━━ DATA FOR ANALYSIS ━━
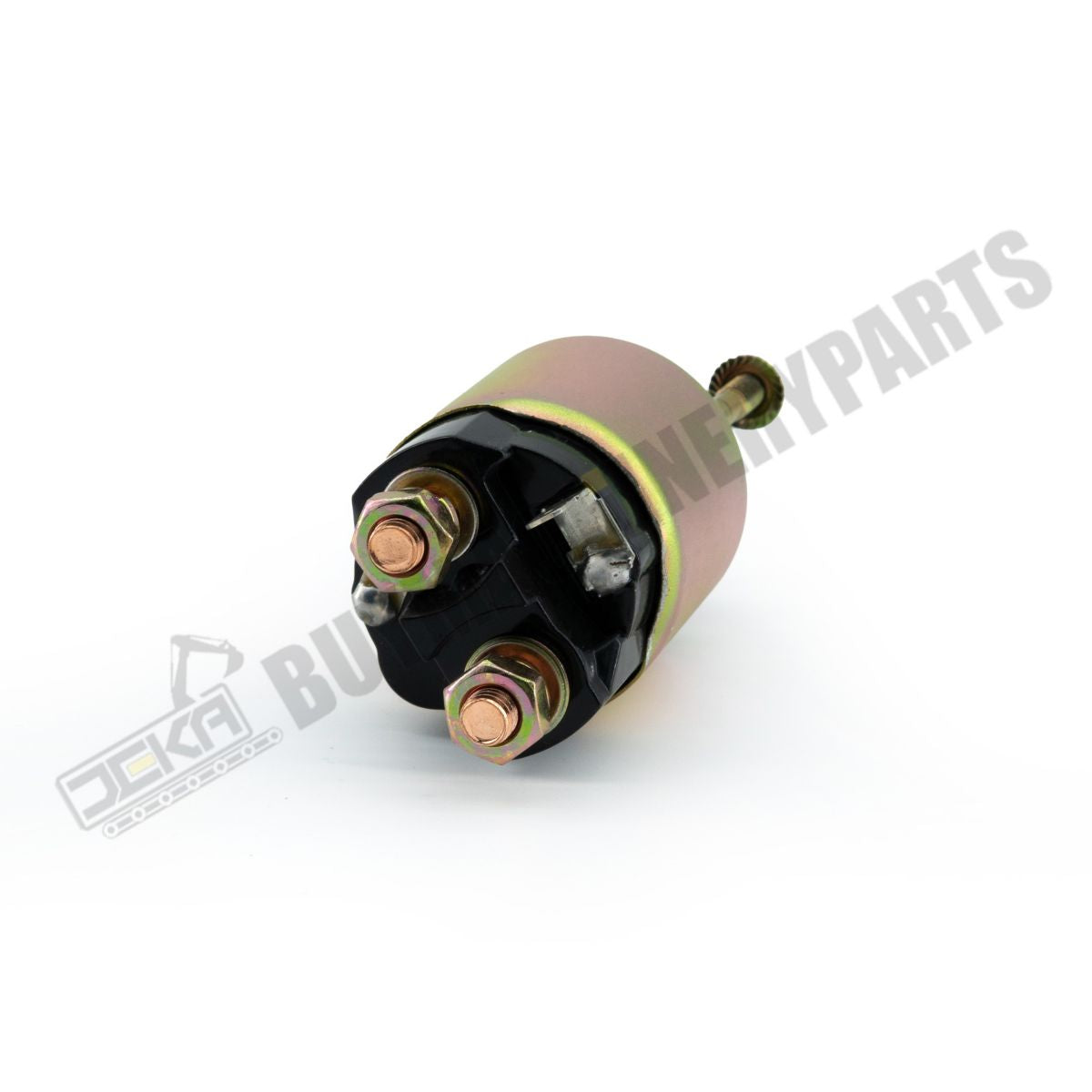 Starter Solenoid for Honda GX610K1 GX670 GX670K1 GXV620 GXV670 18HP 20HP 24HP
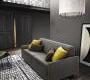 Диван раскладной Le Comfort Sofa Beds - TA05D2T00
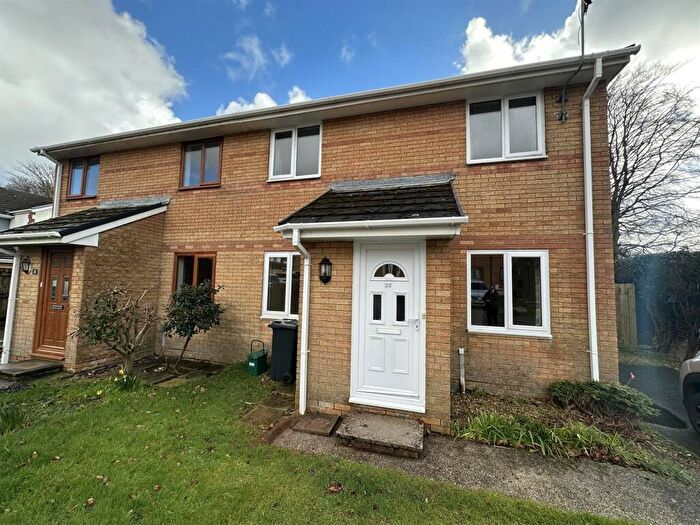 2 Bedroom Detached House To Rent In Homer Water Park, St. Stephen, St. Austell, PL26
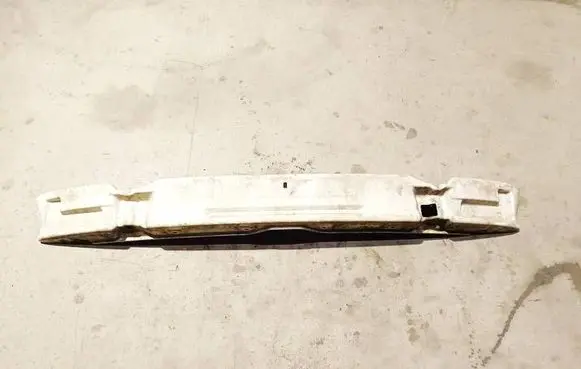 Rear beam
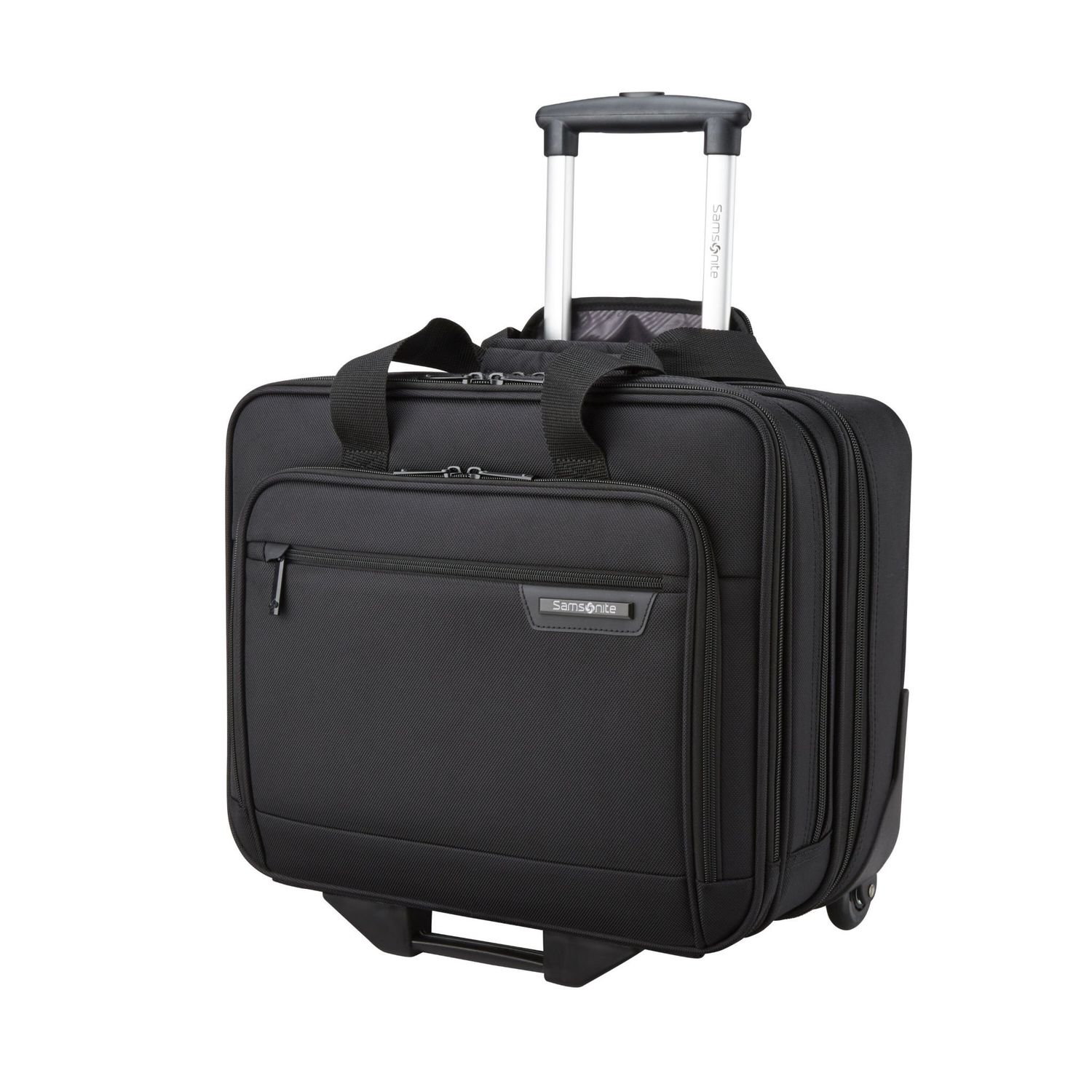 WHEELED MOBILE OFFICE W/ RFID (15.6&quot;) (142836-1041)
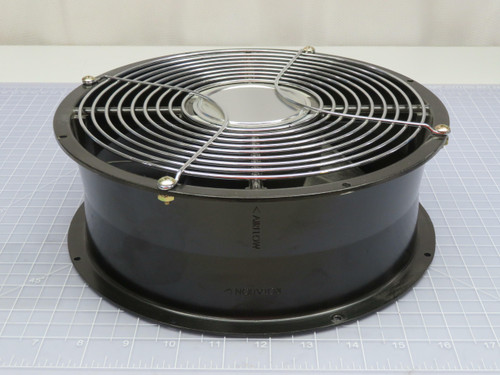 Fulltech UF-25GC11 BTH  Fan 115 VAC 50/60 Hz 31/33 W  For Sale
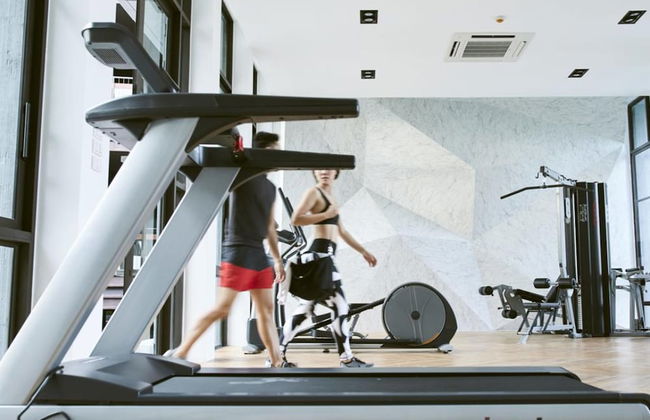 Saturdays Residence by Brown Starling - Foto 42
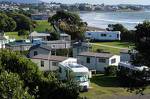 Fitzroy Beach Holiday Park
━━━
→ **WHAT THE TASK REQUIRES**
Please write out every record above exactly, but leave the pictures out.

→ **WRITTEN ANSWER**
 Starter Solenoid for Honda GX610K1 GX670 GX670K1 GXV620 GXV670 18HP 20HP 24HP
 Диван раскладной Le Comfort Sofa Beds - TA05D2T00
 2 Bedroom Detached House To Rent In Homer Water Park, St. Stephen, St. Austell, PL26
 Rear beam
 WHEELED MOBILE OFFICE W/ RFID (15.6&quot;) (142836-1041)
 Fulltech UF-25GC11 BTH  Fan 115 VAC 50/60 Hz 31/33 W  For Sale
 Saturdays Residence by Brown Starling - Foto 42
 Fitzroy Beach Holiday Park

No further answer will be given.